如何在Python中可靠地分割字符串?

时间:2021-08-14 21:36:59

In Perl I can do:

在Perl中,我可以做到:

my ($x, $y) = split /:/, $str;

And it will work whether or not the string contains the pattern.

无论字符串是否包含模式,它都可以工作。

In Python, however this won't work:

但在Python中,这是行不通的:

a, b = "foo".split(":")  # ValueError: not enough values to unpack

What's the canonical way to prevent errors in such cases?

在这种情况下,防止错误的标准方法是什么?

5 个解决方案

#1


107  

If you're splitting into just two parts (like in your example) you can use str.partition() to get a guaranteed argument unpacking size of 3:

如果您将其分为两部分(如示例中所示),您可以使用string .partition()来获得保证的参数,使其解包大小为3:

>>> a, sep, b = "foo".partition(":")
>>> a, sep, b
('foo', '', '')

str.partition() always returns a 3-tuple, whether the separator is found or not.

无论是否找到分隔符,string .partition()始终返回一个3元组。

Another alternative for Python 3 is to use extended unpacking, as described in @cdarke's answer:

Python 3的另一种替代方法是使用扩展解包,如@cdarke的回答所述:

>>> a, *b = "foo".split(":")
>>> a, b
('foo', [])

This assigns the first split item to a and the list of remaining items (if any) to b.

这将把第一个拆分项分配给a,其余项(如果有的话)的列表分配给b。

#2


60  

Since you are on Python 3, it is easy. PEP 3132 introduced a welcome simplification of the syntax when assigning to tuples - Extended iterable unpacking. In the past, if assigning to variables in a tuple, the number of items on the left of the assignment must be exactly equal to that on the right.

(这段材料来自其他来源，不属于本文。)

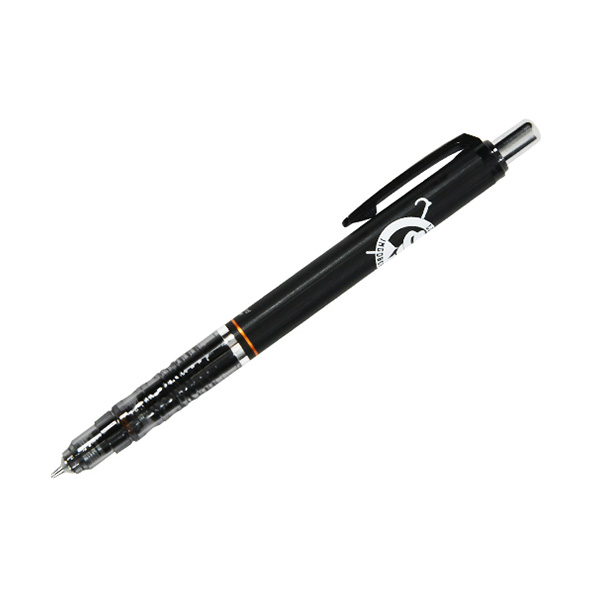 スーパージュニア　2017ロッテペンミシウォンポストカード FuMJzekh56k7cdmz9xvxqxn4AhUAva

因为您使用的是Python 3,所以很容易。PEP 3132在分配到元组扩展的可迭代解包时引入了语法的简化。在过去,如果在元组中分配变量,则任务左边的项的数量必须与右边的值完全相等。

In Python 3 we can designate any variable on the left as a list by prefixing with an asterisk *. That will grab as many values as it can, while still populating the variables to its right (so it need not be the rightmost item). This avoids many nasty slices when we don't know the length of a tuple.

在Python 3中,我们可以用星号*前缀将左边的任何变量指定为列表。这将获取尽可能多的值,同时仍然将变量填充到右边(因此它不必是最右边的项)。当我们不知道一个元组的长度时,这就避免了许多令人讨厌的片段。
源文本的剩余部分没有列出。